Task data ->
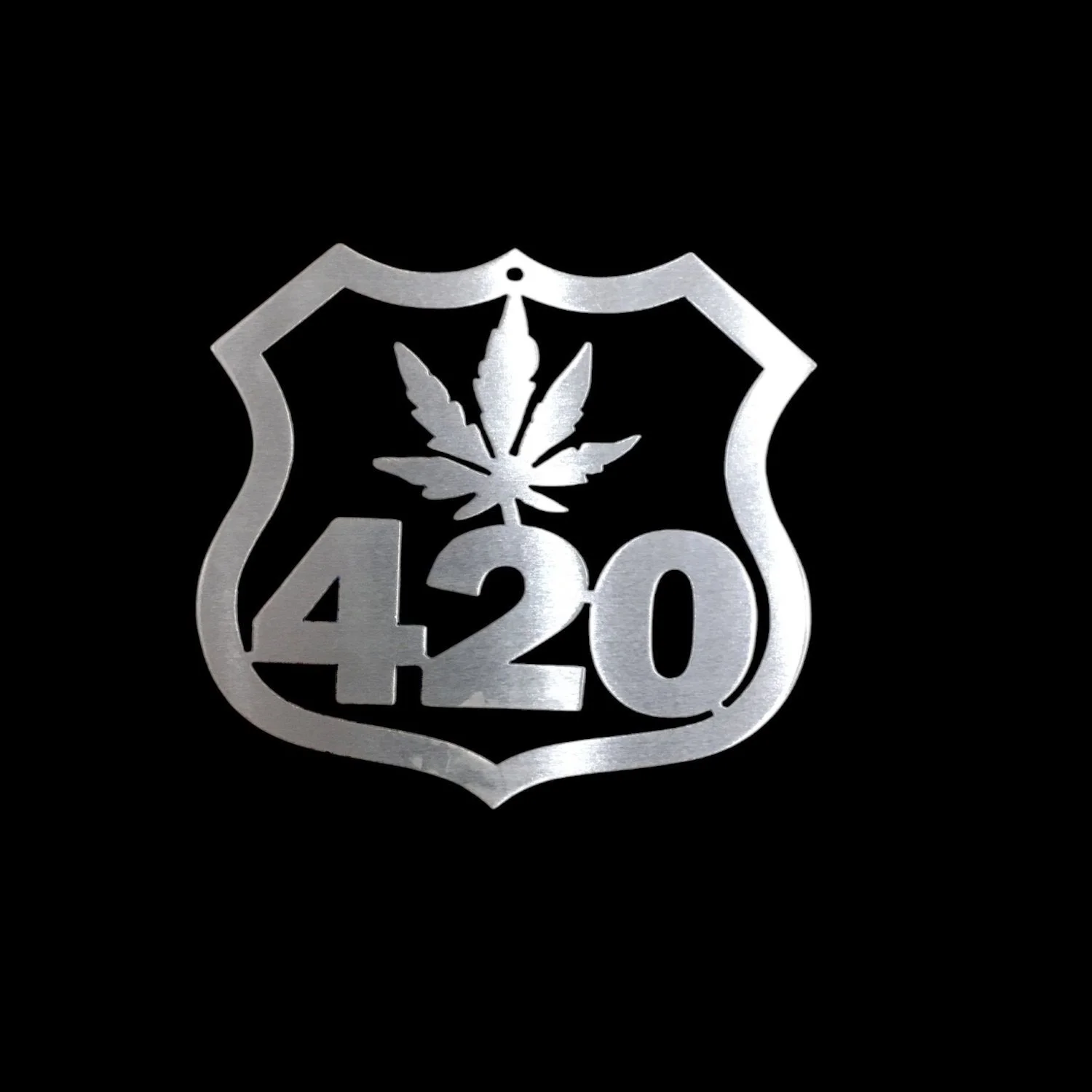 420 sign.JPG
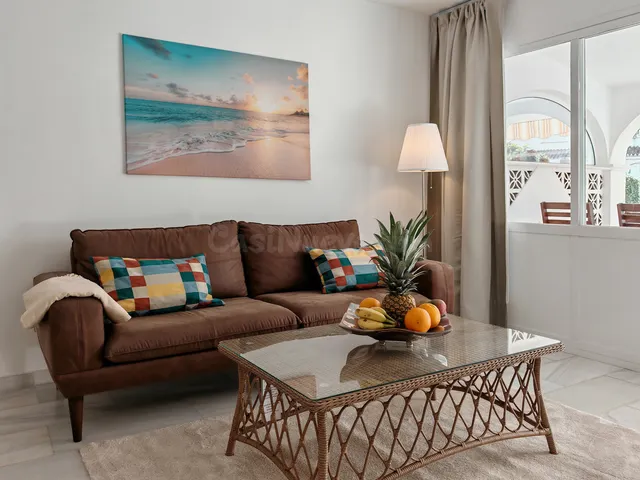 Adosado 3 habitaciones 142m² en venta - Costa del Sol — 4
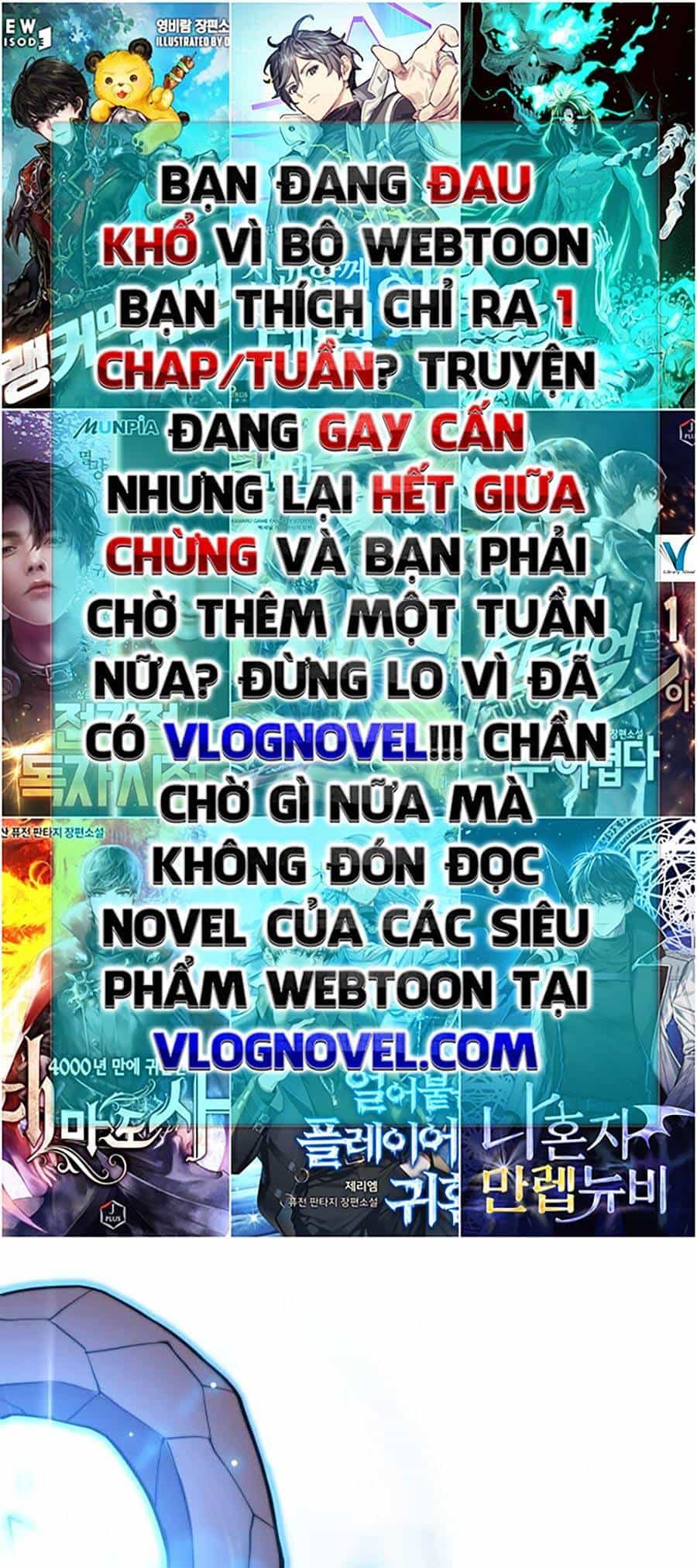 Cao Thủ Gian Lận Hoàn Lương - Chương 11 - ảnh 16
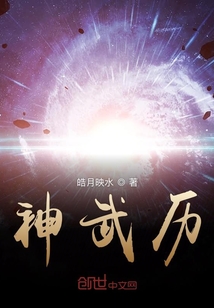 野鸡网视频最新地址24小时失效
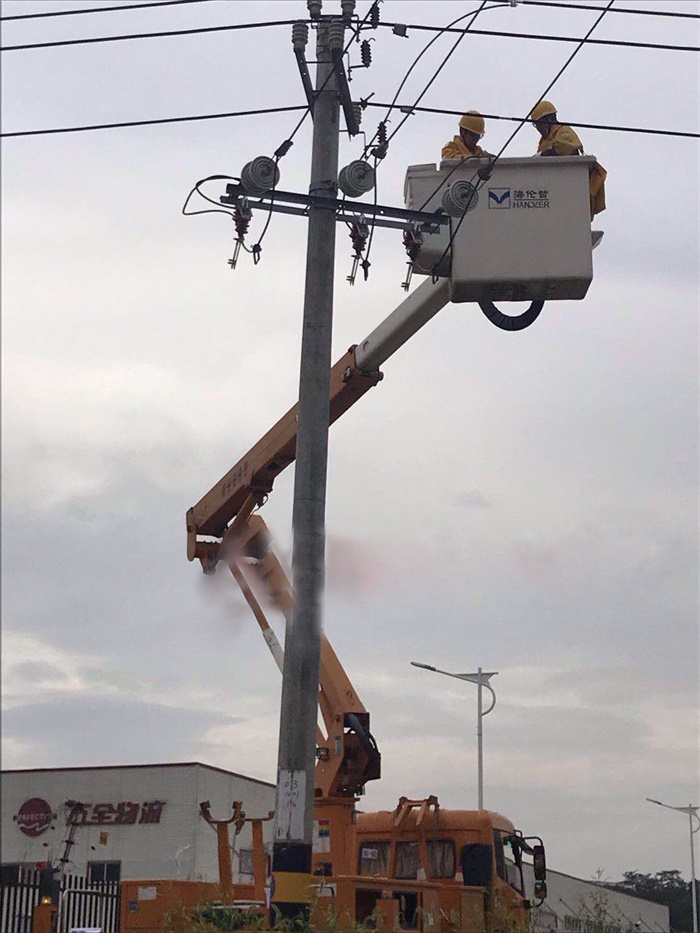 1591847549487980.jpg 图2:送电.jpg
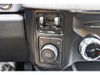 2026 Ford F-250 Super Duty Platinum | Tomball, TX | Ask Jorge Lopez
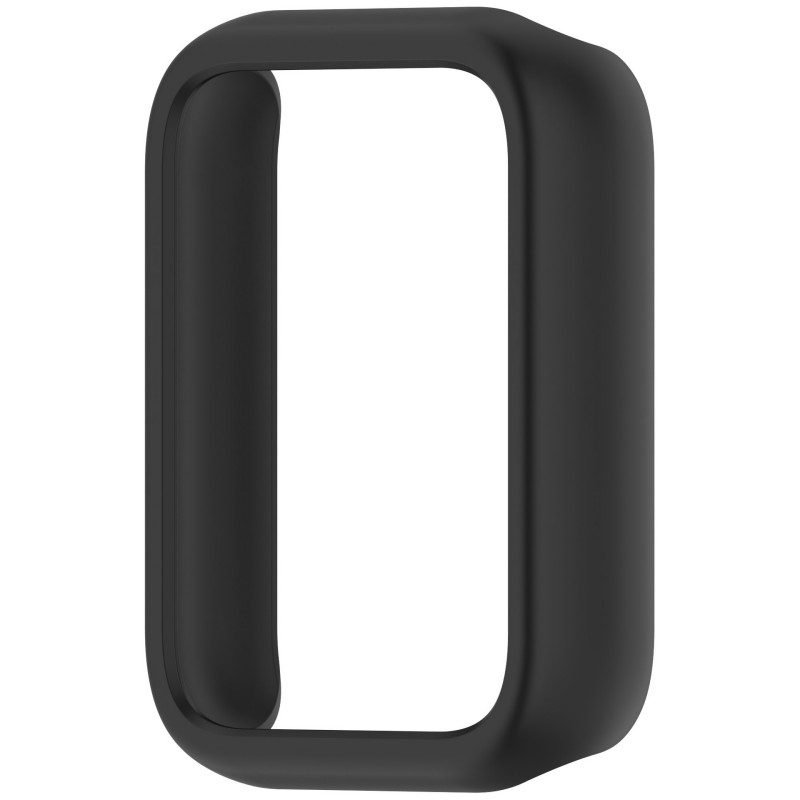 Pusta obudowa PC do Xiaomi Mi  – Rugged Sport Strap recenzja i cena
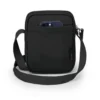 arcanesmallcrossbody s25 side2 black 1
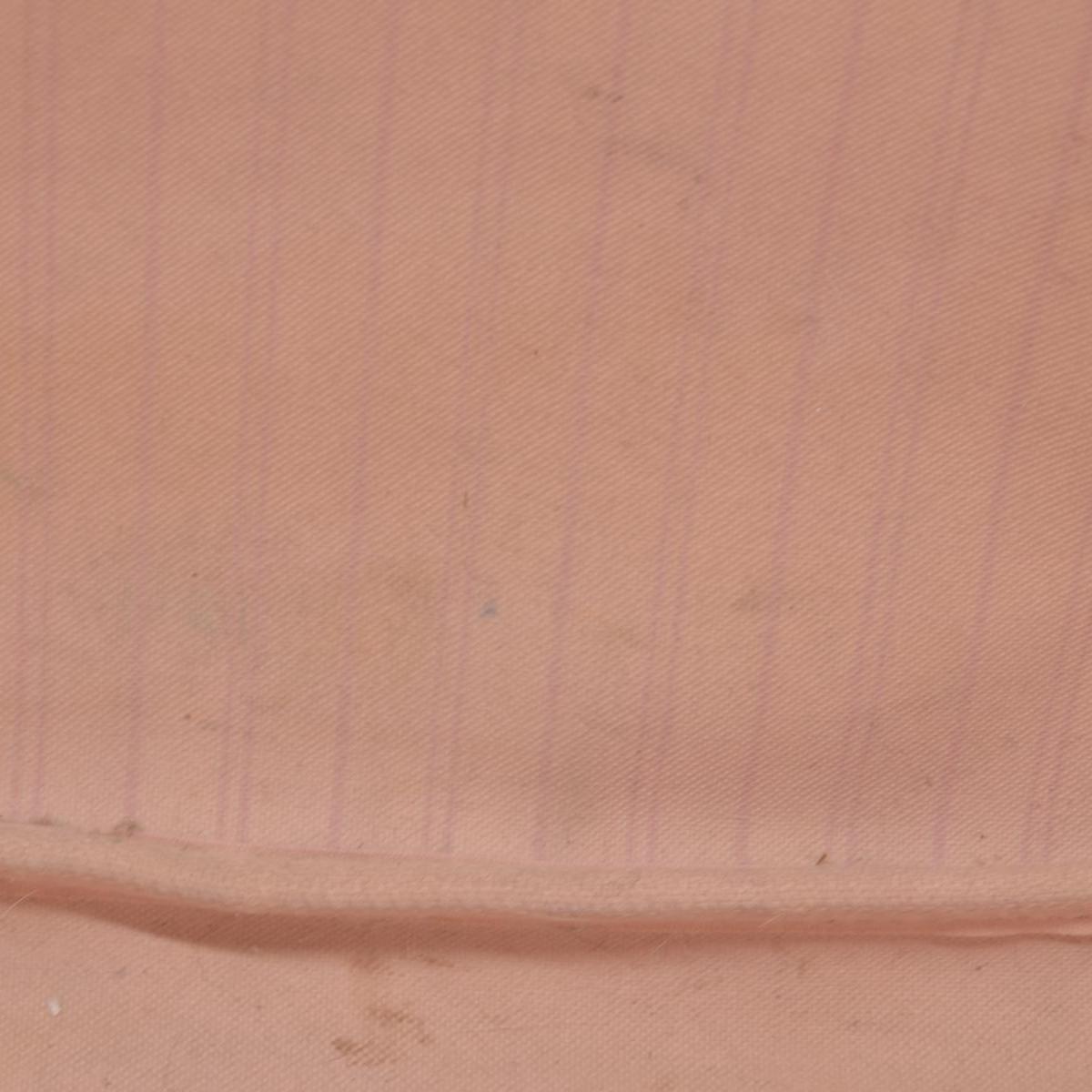 $2170 Louis Vuitton Damier Azur Neo Neverfull MM Rose Ballerine RFID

Work instructions -> No pictures belong in the copy: reproduce exactly the lines above from the one that contains "arcanesmallcrossbody s25 side2 black 1" through the last line of the entries.

Result below ->
 arcanesmallcrossbody s25 side2 black 1
 $2170 Louis Vuitton Damier Azur Neo Neverfull MM Rose Ballerine RFID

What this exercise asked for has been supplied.